WORK INSTRUCTIONS >> Please retype exactly the lines from the one containing "Linen we-spun twine" through the end of the records, leaving out the pictures.

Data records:
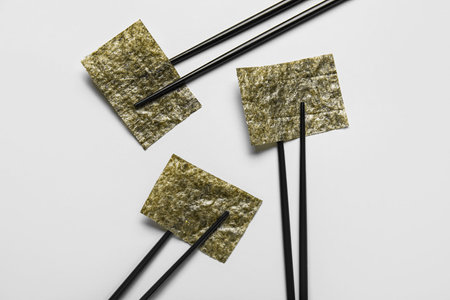 Chopsticks with nori sheets on white backgroundの写真素材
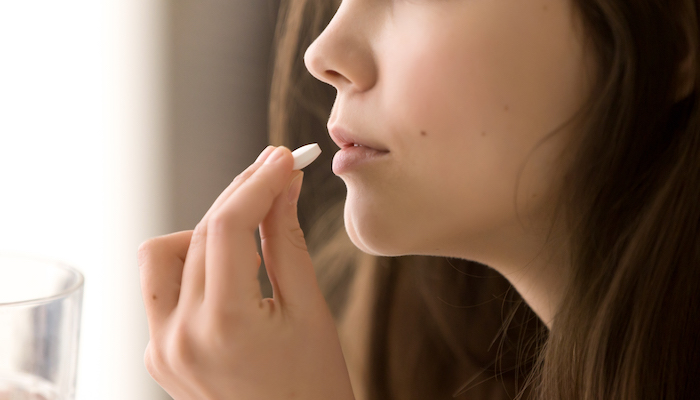 Jeune femme qui prend une gélule de médicament Jeune femme qui prend une gélule de médicament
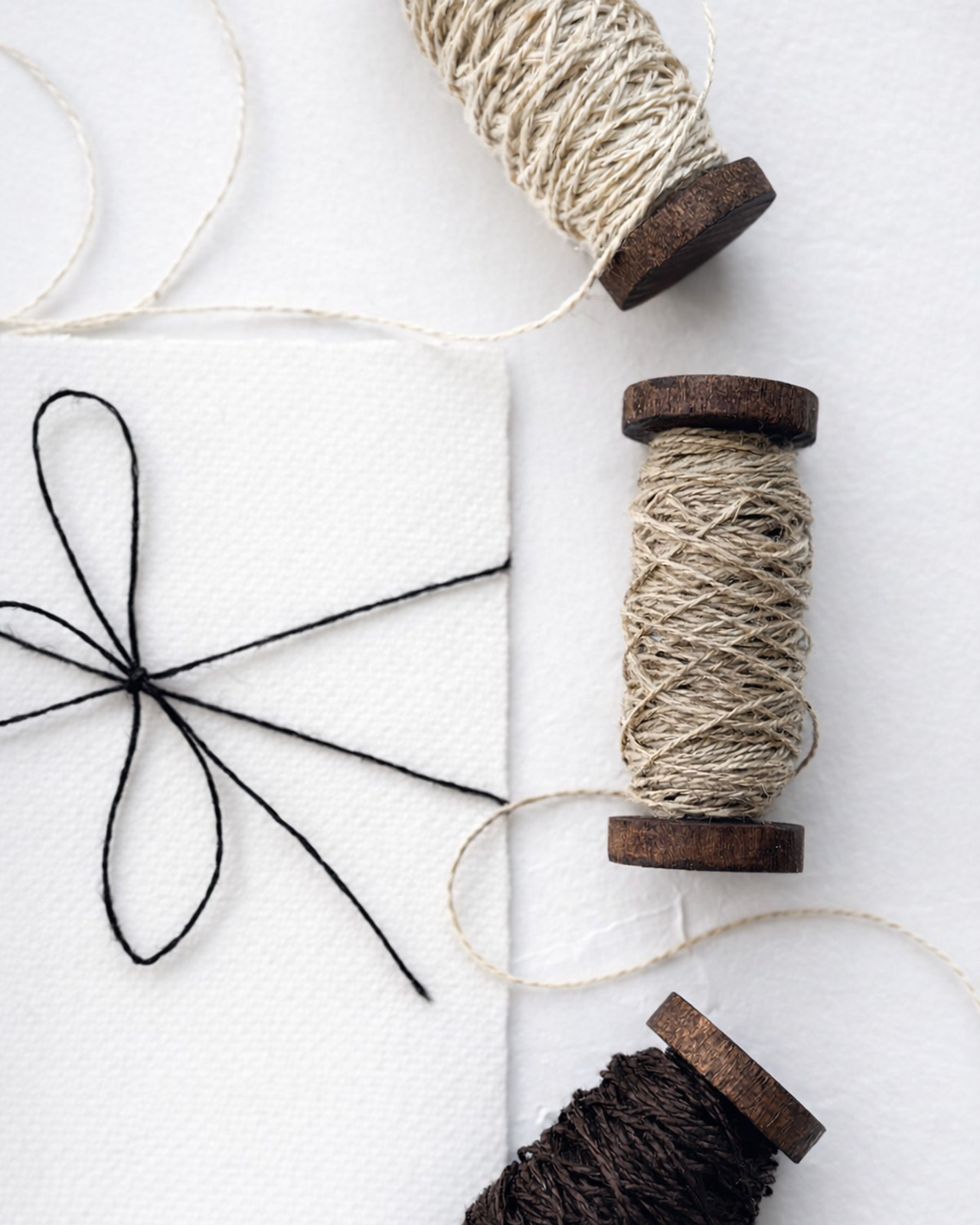Linen we-spun twine on vintage wooden spools for wedding invitations and stationery on white hand-made paper card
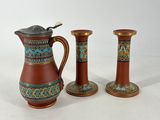 three small vases and a small pitcher sitting on a table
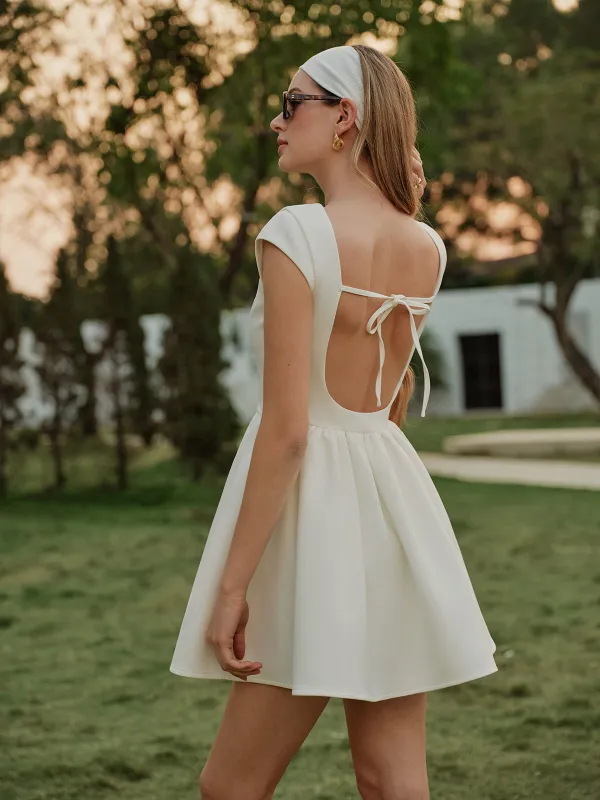 Back Tie Pleated Panel Dress sold by COMMENSE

RESULT >>
Linen we-spun twine on vintage wooden spools for wedding invitations and stationery on white hand-made paper card
 three small vases and a small pitcher sitting on a table
 Back Tie Pleated Panel Dress sold by COMMENSE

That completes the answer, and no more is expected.